Our hired man has a couple. Don't need near as "good" as feed as a horse. Had another guy that would get a matched pair and train em up, get an old wagon and use the mules every saturday to go 2 1/2 miles to the elevator and back, used to think he was nuts until we found out at that time a matched trained pair was going for well over 7K. He said I had the right temperament to handle mules, I still haven't decided whether to be insulted over that.


----------



## Vol (Jul 5, 2009)

mlappin said:


> He said I had the right temperament to handle mules, I still haven't decided whether to be insulted over that.


Probably meant that you had a deliberate hand and are not readily discouraged......thats what it takes to handle mules.....and live to tell about it.

Regards, Mike


----------



## Vol (Jul 5, 2009)

One difference always puzzled me between horses and mules.
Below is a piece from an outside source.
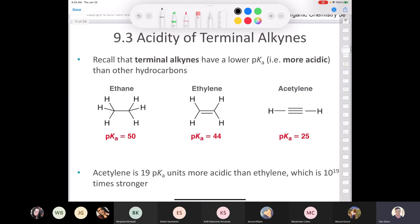Let's talk about the acidity of terminal alkynes. Terminal alkynes have a lower pKa, meaning they're more acidic than other hydrocarbons. Ethane, ethylene, and acetylene are all just hydrocarbons, but acetylene is 19 pKa units more acidic than ethylene — that's 10 to the 19 times stronger as an acid. To rationalize this using ARIO — atom, resonance, induction, orbital — you can't use atom because the negative charge is on carbon in all cases, no resonance structures exist, and no inductive effects, so you have to use orbital hybridization theory.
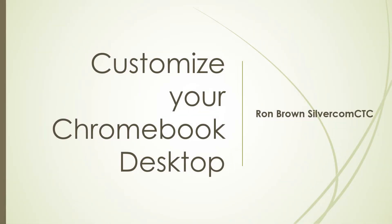It's Ron Brown from Silvercomb Computer and Technology Club. Today we're going to talk about customizing your Chromebook desktop.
If either one got out and got into say 50# pounds of sweet feed in the stable the mule would eat until full and walk off....a horse will gorge until he bloats and twist a gut and dies....and if he is unfortunate enough not to die he will for sure have laminitis......bizarre behavior.

Regards, Mike


----------



## Mike120 (May 4, 2009)

Vol said:


> One difference always puzzled me between horses and mules. If either one got out and got into say 50# pounds of sweet feed in the stable the mule would eat until full and walk off....a horse will gorge until he bloats and twist a gut and dies....and if he is unfortunate enough not to die he will for sure have laminitis......bizarre behavior.


Horses are born looking for ways to hurt themselves......Mules, unfortunately, are born to survive.


----------



## Nitram (Apr 2, 2011)

When it comes to donkeys and mules my philosophy is...A man is born with one azz and that is all he should ever have . Martin


----------